* Task to carry out: Repeat all of the data word for word so that only the pictures are missing from the copy.

------ Entries provided ------

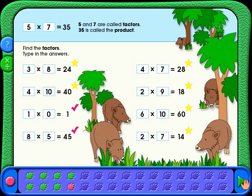You'll get it! If your answer is correct, you'll get a star. If your answer is incorrect, you'll get a red check mark.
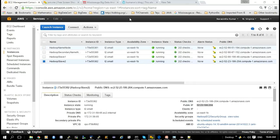A participant asks Kumar if he can see their screen, mentioning a previous request to install a mobile exome application. Kumar offers to pass the presenter role so the participant can share their screen.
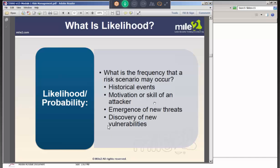Likelihood is the frequency that a risk scenario could occur, based on historical events. For example, someone from Oklahoma — tornadoes come to mind. If tornado activity is a threat you're concerned about, you'd look at historical events in that area. Or for hackers, you'd consider their motivation and skill level.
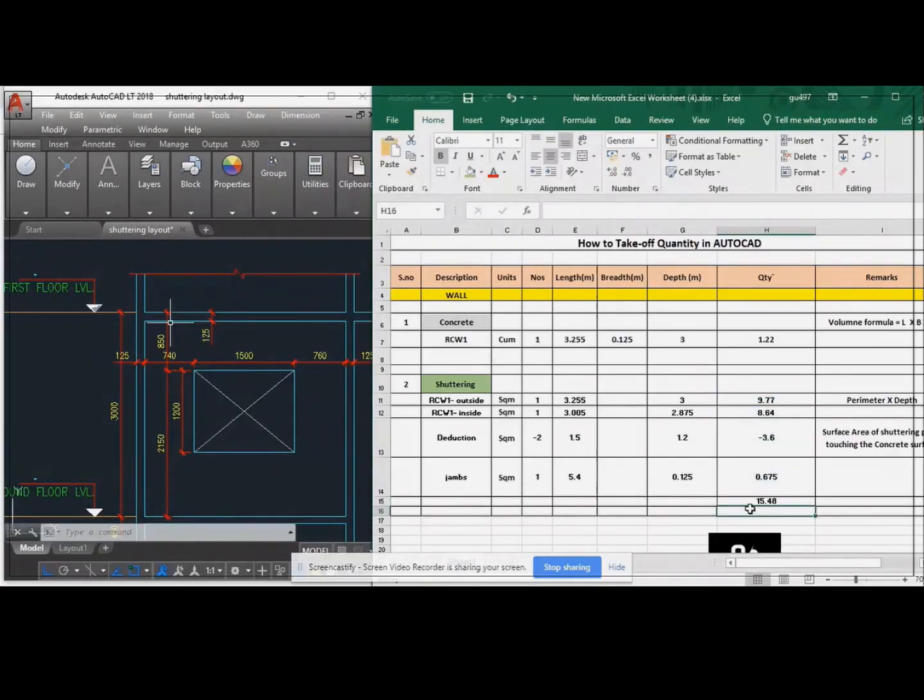The total square meter area of that shuttering area of that wall is 15.48 square meter.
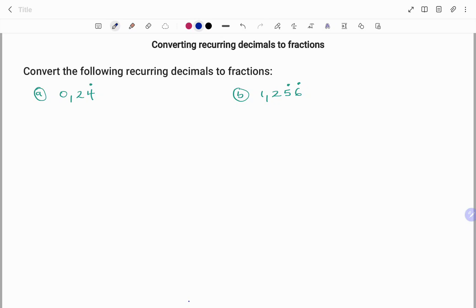Hi everyone, this is your math guru. In this video I'm going to show you how to convert recurring decimals to fractions. Please don't forget to click on the like and subscribe button below for more easy-to-understand math concepts.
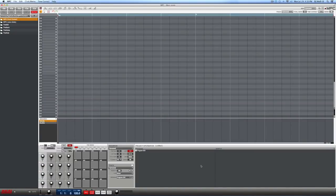Hey, good people, this is your man DJ Wolf D coming at you with yet another Akai MPC tutorial video. With this particular video, we're going to cover a very specific, important piece of subject matter that many folks have been having problems with, because Akai unfortunately did not do a great job at explaining how to do this properly.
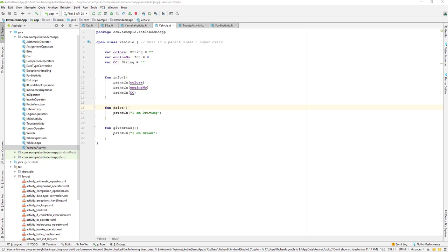Let us continue with our lesson. Today we'll be learning about method overriding — we'll be overriding a method from our superclass in our child class. The child class will be overriding some of the methods from our superclass. So let's see this in a practical way.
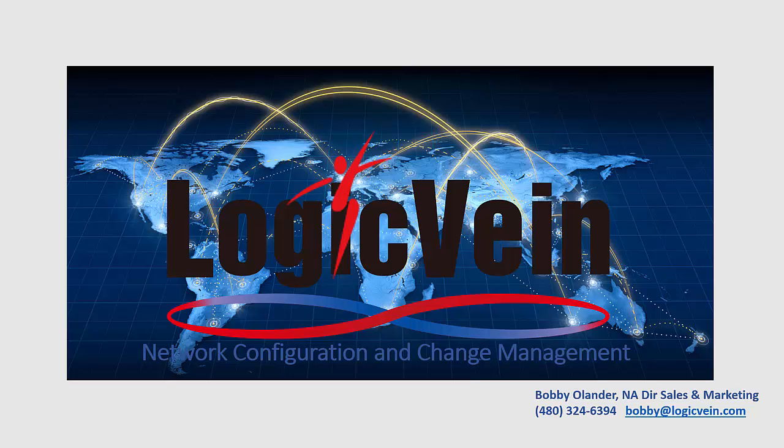LogicVane is the creator of NetLinedancer, a network change and configuration management solution that scales from the smallest business up to the largest enterprise.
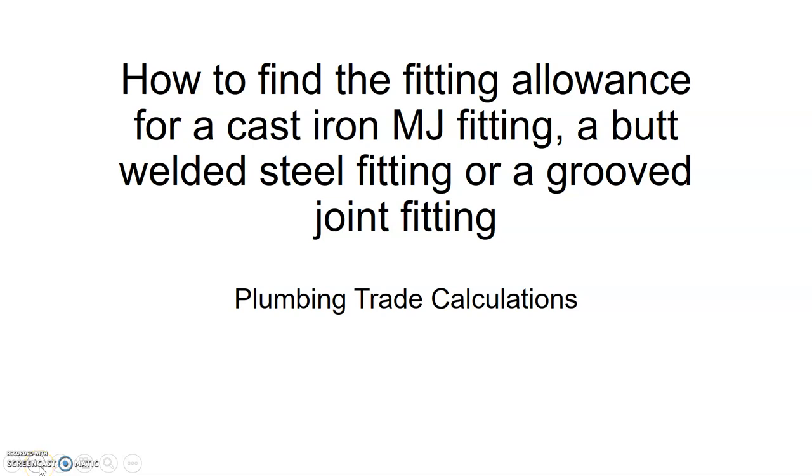This is a plumbing trade calculation video. In this video, we will learn how to find the fitting allowance for a cast iron MJ fitting, a butt welded steel fitting, or a grooved joint fitting.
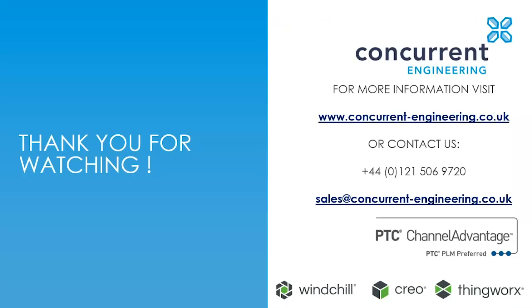Hopefully this short presentation has given you an idea of how Creo Simulation Live might improve your product development process. If you need further information or want to start a conversation with us about the value it might bring to your business, our contact details are on screen now. Thank you for watching and have a great day.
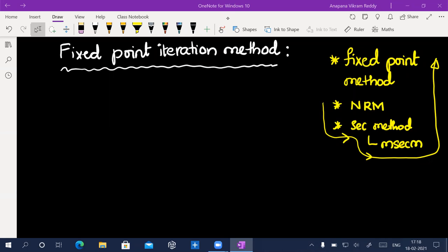Tomorrow in the lab I will talk to them. Please list down the absentees. So fixed point iteration method.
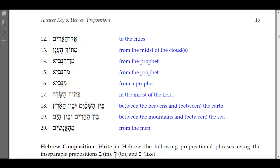'El he-arim' — 'to the cities.' The lamed means 'to' or 'for,' and 'he-arim' — remember, when the definite article is attached to an aleph, hey, or het that has a qamets in an unaccented syllable, the vowel under the definite article changes from a pathach to a segol.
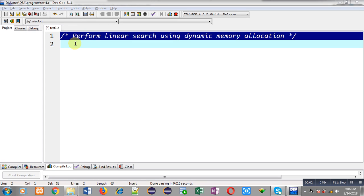Hello friends, I am Sanjay Gupta. In this video, I am going to demonstrate how you can perform linear search operation using dynamic memory allocation in C programming.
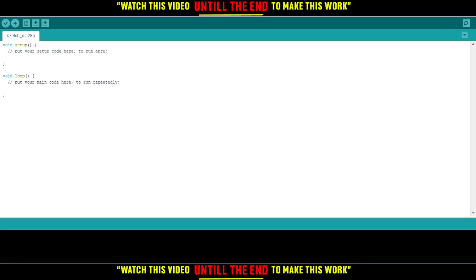So first of all, you would like to go and download the Arduino application. You can do that through your browser.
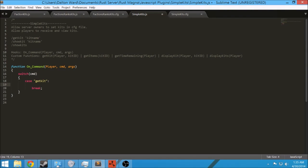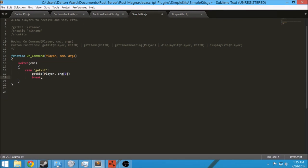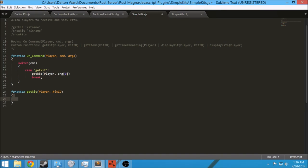So in the case of get kit, we're going to call a function called get kit. We just need to pass a player through it and the argument. Remember, argument is an array — that's anything after the command. So for example, the kit name is the argument, and zero just means the first string that comes after the command. So we need to write a get kit function, and we're going to pass player and kit ID, where kit ID is argument zero.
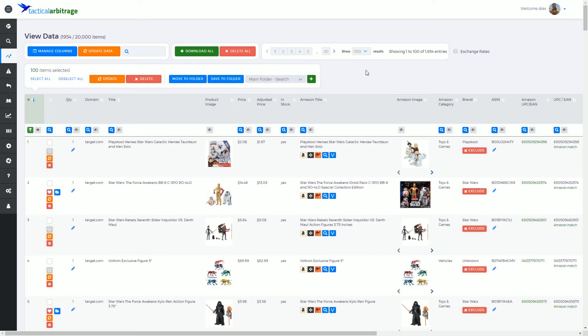G'day, Alex Moss here from Tactical Arbitrage. In this video we're going to have a look at the update data button, why we would need it and when to use it.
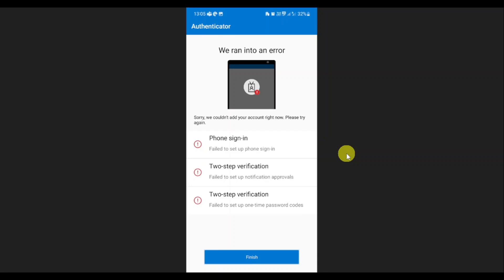Hi, in this video I will show you how to fix the Microsoft Authenticator app not working on a new phone. So if you're running into this error for phone sign-in or the verification, here's what you can do.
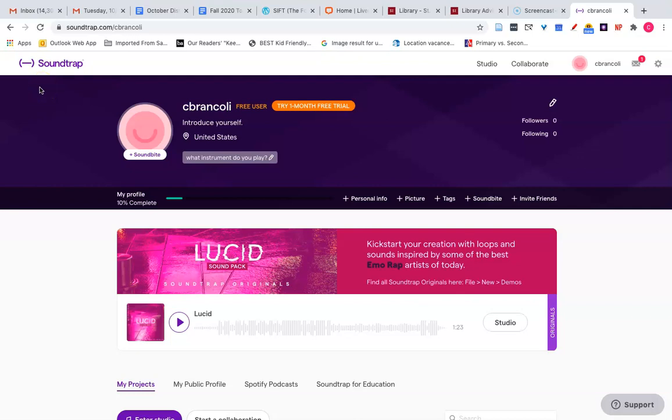Hi, Ms. Brian Coley here and I'm going to walk you through how to use Soundtrap to edit audio files and create a podcast.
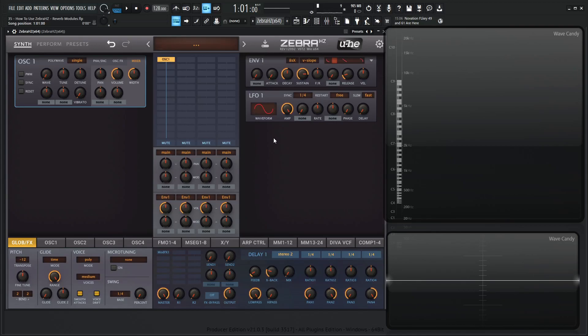Hey guys, John here. Welcome back to the course, How to Use ZebraHC. This is video 35, and today we're talking about the reverb module.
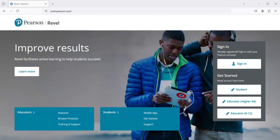Hello everyone. In this video I will introduce the latest version of Revel for Java. The latest version uses a new vendor for the Revel assignments. The new vendor is CodeGrade. The book is identical to the previous version except the assignments, which are now provided and supported by CodeGrade.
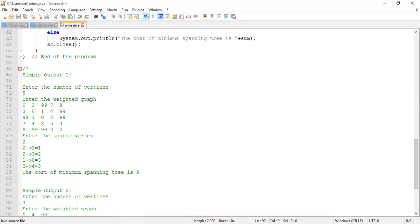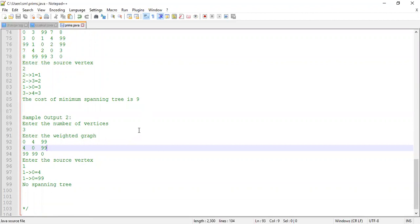Students, draw this tree in your book and verify it gives the correct minimum spanning tree. The edges from 0 to 1, 1 to 2, 2 to 3, and 3 to 4 have weights 3, 1, 2, and 3 respectively, summing to 9. Now consider the case of a disconnected graph with three vertices where 0 to 1 has weight 4, but 0 to 2 and 1 to 2 have no edges (99), meaning vertex 2 is completely unreachable.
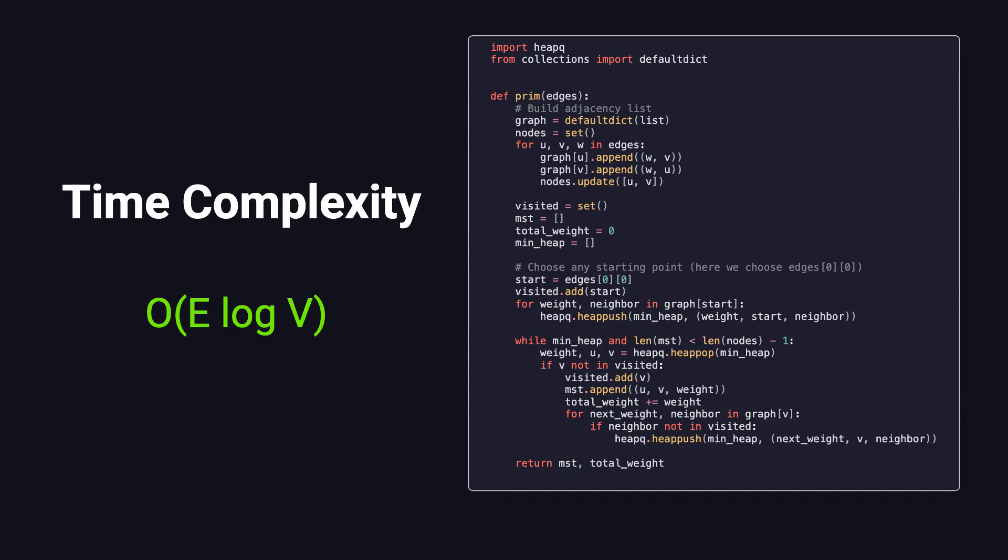That concludes our discussion on Prim's algorithm. I hope this explanation has provided you with a clear understanding of the concept of minimum spanning trees and how Prim's algorithm operates to construct one. If you found this content helpful, feel free to like, subscribe, or leave a comment. See you in the next session.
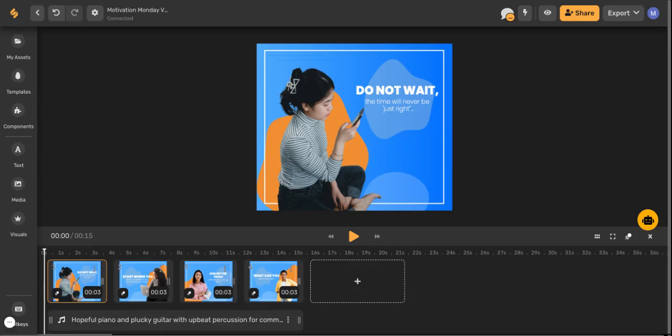Creating longer videos in Simplified is a breeze. Simplified allows you to create videos up to five minutes long and five minutes and over with our enterprise plan. To create a longer video you have lots of different options.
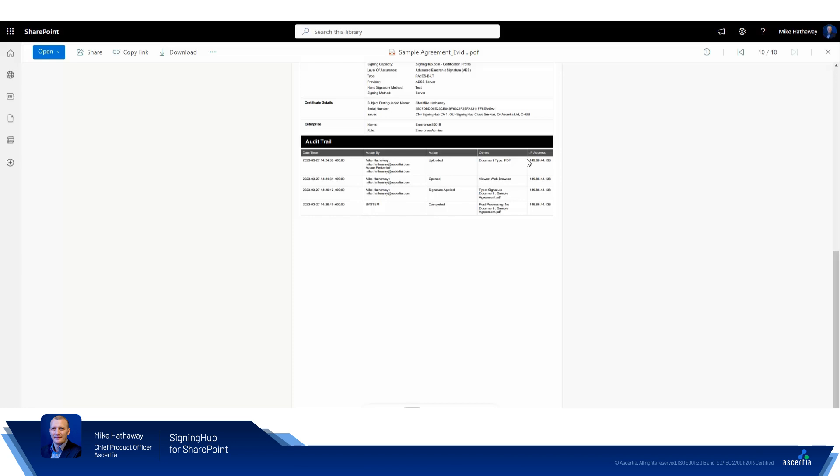So it was uploaded from the IP address specified on the right here, it was opened by a particular user using a web browser again with the IP address, and then you can see that the document signature was applied and that the workflow completed. Now this is a very simple workflow containing only one user, but imagine if you've got three, four, five, perhaps dozens of users that are participating in the workflow and there's a dispute. So the workflow evidence report is a very handy tool for you to prove to your legal department, or if you're in a legal setting or court of law, who participated in the workflow, where they accessed the document from, and the important signing operation that may or may not have been completed in order to help settle the dispute.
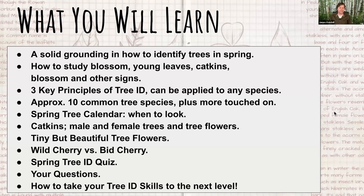We're going to look at catkins on male and female trees, some tiny but beautiful tree flowers you might not have noticed before, and compare two cherry trees — wild cherry versus bird cherry. There's also a quiz near the end, so have pen and paper ready. I've also got resources to share about how to take your tree learning to the next level, including an online tree ID course.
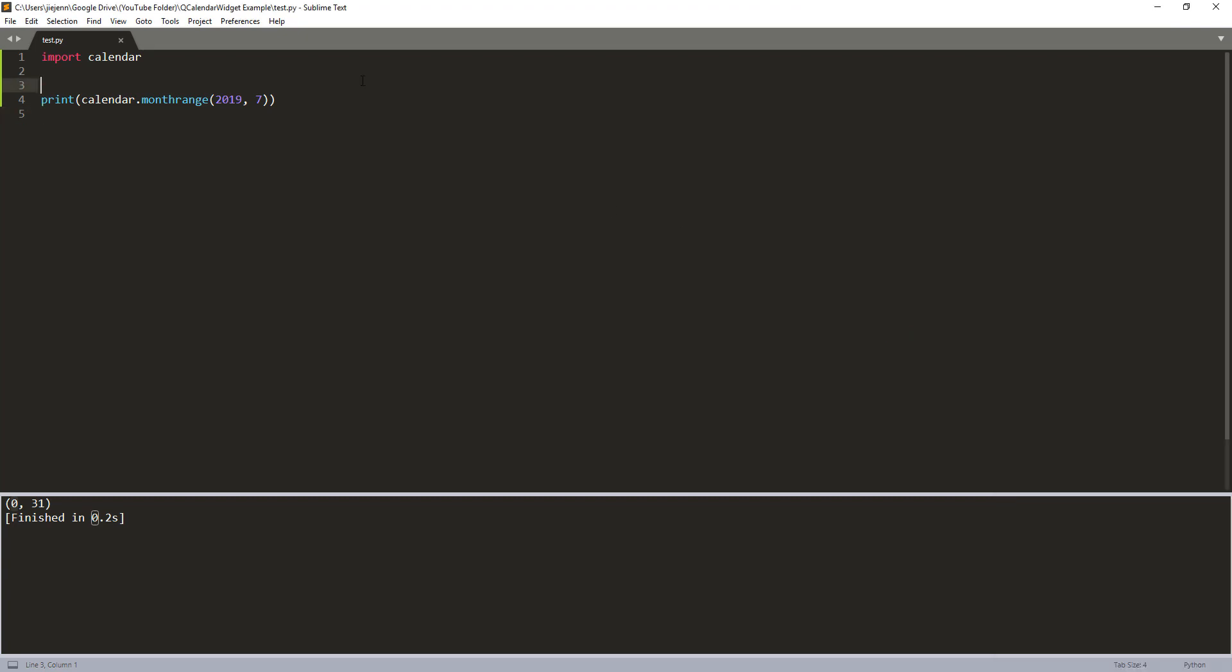Now let me print a couple more. So we'll do May, June and July, maybe August as well. And I forgot to expand the second element, which is 31. So the second element indicates how many days in a month. And we can use this value to figure out the last day of the month. So in this case will be July 31st.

------

* Exercise solution:
You'll get it! If your answer is correct, you'll get a star. If your answer is incorrect, you'll get a red check mark.
A participant asks Kumar if he can see their screen, mentioning a previous request to install a mobile exome application. Kumar offers to pass the presenter role so the participant can share their screen.
Likelihood is the frequency that a risk scenario could occur, based on historical events. For example, someone from Oklahoma — tornadoes come to mind. If tornado activity is a threat you're concerned about, you'd look at historical events in that area. Or for hackers, you'd consider their motivation and skill level.
The total square meter area of that shuttering area of that wall is 15.48 square meter.
Hi everyone, this is your math guru. In this video I'm going to show you how to convert recurring decimals to fractions. Please don't forget to click on the like and subscribe button below for more easy-to-understand math concepts.
Hey, good people, this is your man DJ Wolf D coming at you with yet another Akai MPC tutorial video. With this particular video, we're going to cover a very specific, important piece of subject matter that many folks have been having problems with, because Akai unfortunately did not do a great job at explaining how to do this properly.
Let us continue with our lesson. Today we'll be learning about method overriding — we'll be overriding a method from our superclass in our child class. The child class will be overriding some of the methods from our superclass. So let's see this in a practical way.
LogicVane is the creator of NetLinedancer, a network change and configuration management solution that scales from the smallest business up to the largest enterprise.
This is a plumbing trade calculation video. In this video, we will learn how to find the fitting allowance for a cast iron MJ fitting, a butt welded steel fitting, or a grooved joint fitting.
Hopefully this short presentation has given you an idea of how Creo Simulation Live might improve your product development process. If you need further information or want to start a conversation with us about the value it might bring to your business, our contact details are on screen now. Thank you for watching and have a great day.
Tomorrow in the lab I will talk to them. Please list down the absentees. So fixed point iteration method.
'El he-arim' — 'to the cities.' The lamed means 'to' or 'for,' and 'he-arim' — remember, when the definite article is attached to an aleph, hey, or het that has a qamets in an unaccented syllable, the vowel under the definite article changes from a pathach to a segol.
Hello friends, I am Sanjay Gupta. In this video, I am going to demonstrate how you can perform linear search operation using dynamic memory allocation in C programming.
So first of all, you would like to go and download the Arduino application. You can do that through your browser.
So in the case of get kit, we're going to call a function called get kit. We just need to pass a player through it and the argument. Remember, argument is an array — that's anything after the command. So for example, the kit name is the argument, and zero just means the first string that comes after the command. So we need to write a get kit function, and we're going to pass player and kit ID, where kit ID is argument zero.
G'day, Alex Moss here from Tactical Arbitrage. In this video we're going to have a look at the update data button, why we would need it and when to use it.
Hi, in this video I will show you how to fix the Microsoft Authenticator app not working on a new phone. So if you're running into this error for phone sign-in or the verification, here's what you can do.
Hi, Ms. Brian Coley here and I'm going to walk you through how to use Soundtrap to edit audio files and create a podcast.
Hey guys, John here. Welcome back to the course, How to Use ZebraHC. This is video 35, and today we're talking about the reverb module.
Hello everyone. In this video I will introduce the latest version of Revel for Java. The latest version uses a new vendor for the Revel assignments. The new vendor is CodeGrade. The book is identical to the previous version except the assignments, which are now provided and supported by CodeGrade.
Students, draw this tree in your book and verify it gives the correct minimum spanning tree. The edges from 0 to 1, 1 to 2, 2 to 3, and 3 to 4 have weights 3, 1, 2, and 3 respectively, summing to 9. Now consider the case of a disconnected graph with three vertices where 0 to 1 has weight 4, but 0 to 2 and 1 to 2 have no edges (99), meaning vertex 2 is completely unreachable.
That concludes our discussion on Prim's algorithm. I hope this explanation has provided you with a clear understanding of the concept of minimum spanning trees and how Prim's algorithm operates to construct one. If you found this content helpful, feel free to like, subscribe, or leave a comment. See you in the next session.
Creating longer videos in Simplified is a breeze. Simplified allows you to create videos up to five minutes long and five minutes and over with our enterprise plan. To create a longer video you have lots of different options.
So it was uploaded from the IP address specified on the right here, it was opened by a particular user using a web browser again with the IP address, and then you can see that the document signature was applied and that the workflow completed. Now this is a very simple workflow containing only one user, but imagine if you've got three, four, five, perhaps dozens of users that are participating in the workflow and there's a dispute. So the workflow evidence report is a very handy tool for you to prove to your legal department, or if you're in a legal setting or court of law, who participated in the workflow, where they accessed the document from, and the important signing operation that may or may not have been completed in order to help settle the dispute.
We're going to look at catkins on male and female trees, some tiny but beautiful tree flowers you might not have noticed before, and compare two cherry trees — wild cherry versus bird cherry. There's also a quiz near the end, so have pen and paper ready. I've also got resources to share about how to take your tree learning to the next level, including an online tree ID course.
Now let me print a couple more. So we'll do May, June and July, maybe August as well. And I forgot to expand the second element, which is 31. So the second element indicates how many days in a month. And we can use this value to figure out the last day of the month. So in this case will be July 31st.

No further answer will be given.